Consider the things, projects, tasks, areas of life you’ve had success with. Strengths usually help us to be successful with certain things. You’ll also receive great feedback from others in the areas of success. It’s not just your subjective feeling – others will notice it too.

? Example: I have 2 degrees and find it easy to learn. I have multiple certifications in different healing methods and other areas. You could say I’ve had “success” in the area of acquiring new knowledge. My #2 Strength is “Learner”.

Be aware that “success” in itself is not the only indicator for a strength. Sometimes we get really good at something (it appears to be success) yet we hate doing it. Be sure to consider the other pointers too.

 I – Instinct

What do you look forward to?

Is there something that you always find yourself volunteering for?

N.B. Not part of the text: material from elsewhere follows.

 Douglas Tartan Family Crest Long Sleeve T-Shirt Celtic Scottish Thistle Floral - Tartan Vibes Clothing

It’s like we have the “instinct” to be busy with activities where we can use our strengths. We can’t help offering uor time, energy, attention in the areas of our strengths.

? Example: I find myself offering help and support for people in emotional pain. Time and time again, I put up my hand for that, and it happens so quickly I don’t even notice it. I have 3 Gallup strengths contributing to this tendency: Empathy (I’m in touch with and feel the other’s pain), Individualization (that senses a need and wants to help find a unique solution) and Responsibility (that offers “Give that to me, I can do it.”).

 G – Growth

We grow very easily in the areas of our strengths. It’s virtually no effort, we LOVE learning more about that topic or area. Our neural networks are receptive to more knowledge, skill, expertise and mastery in that specific area – mainly because we’ve already built up huge, strong neural pathways in those areas.

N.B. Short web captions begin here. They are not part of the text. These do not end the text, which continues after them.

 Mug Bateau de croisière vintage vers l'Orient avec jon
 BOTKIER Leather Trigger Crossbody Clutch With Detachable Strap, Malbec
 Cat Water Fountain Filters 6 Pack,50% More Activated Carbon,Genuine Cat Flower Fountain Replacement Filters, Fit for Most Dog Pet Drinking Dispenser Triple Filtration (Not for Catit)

? Example: I find it very easy and enjoyable to learn new things. I keep wanting to learn more, and it gets easier as I grew older. The same with showing empathy for people who are hurting. It’s easy for me to learn new methods to support people who are going through hard things – my Empathy neural networks are already strong, so it’s a breeze to keep adding to those existing pathways.

 N – Need

When a need is met, we feel fulfilled afterwards. Think about when you’re hungry and you have a meal – a “full”, satisfied feeling afterwards. The food also provides us with ENERGY.

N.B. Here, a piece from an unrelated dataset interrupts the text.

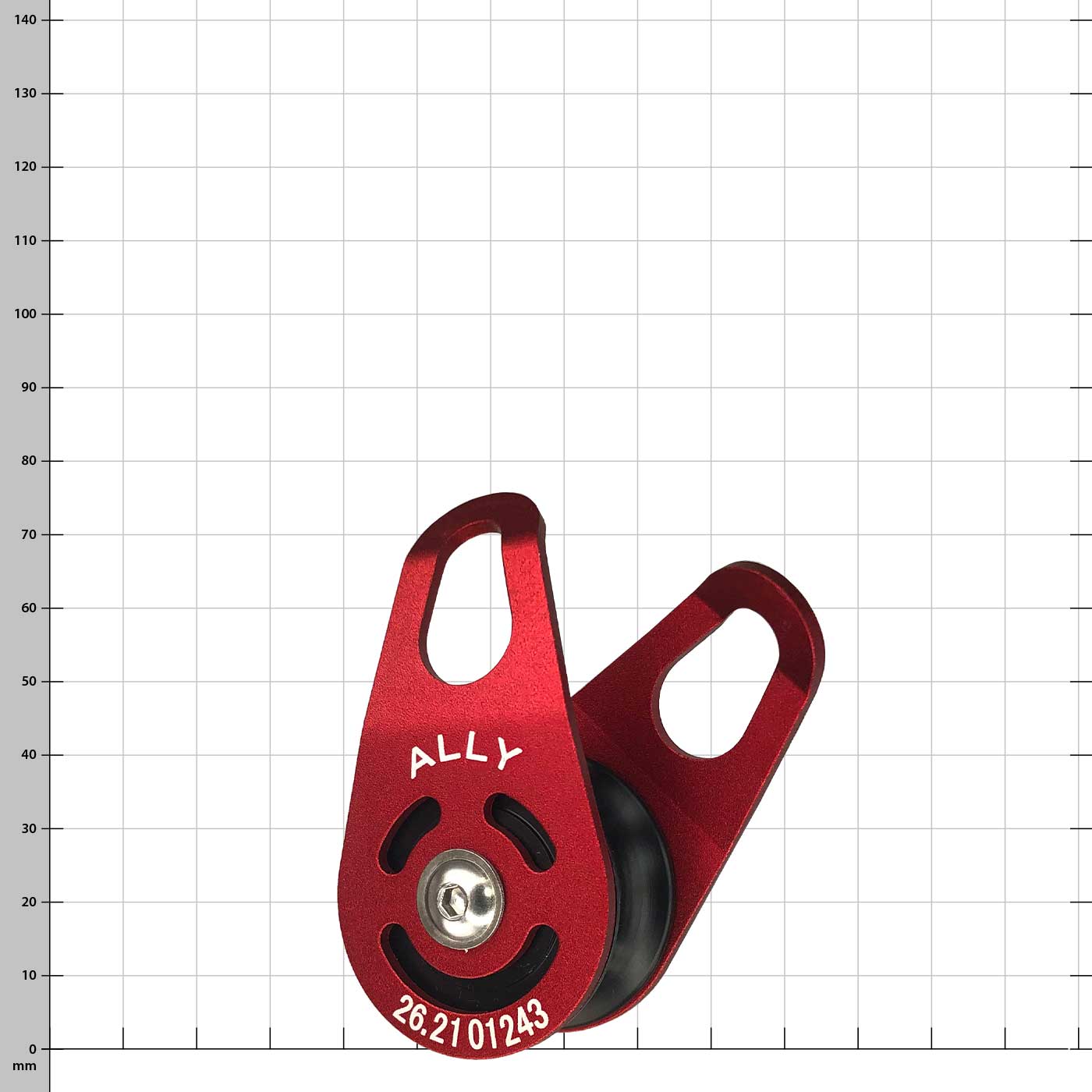 Red pulley with the inscription "ALLY" and the number "26.21 01243"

It’s the same with our strengths. Our strengths create needs in us – or as my strengths mentor says – a strength IS a need. When our strengths are working, we feel fulfilled and ENERGIZED after the activity where we used them.

Yes, we might be a little tired (a normal kind of tired) if we worked many hours at this activity – yet, we’re ready the next day to do it again!

? Example: I feel happy, energized, fulfilled, satisfied after supporting someone who has carried an emotional burden. Or every time I learned something new, BOY, does that fulfill a need and feel satisfying!

 Now it’s your turn:

? Think about your daily activities.

? Go through the above questions and identify activities, tasks or projects where you have had success, have an ‘instinct’ for it, find it enjoyable to grow in that area, and feel like it fulfills a need.

? Those are possible areas of strength for you.

? Do more of those – your life will be more purposeful, fulfilling and you’ll exude happiness that spills over to those around you.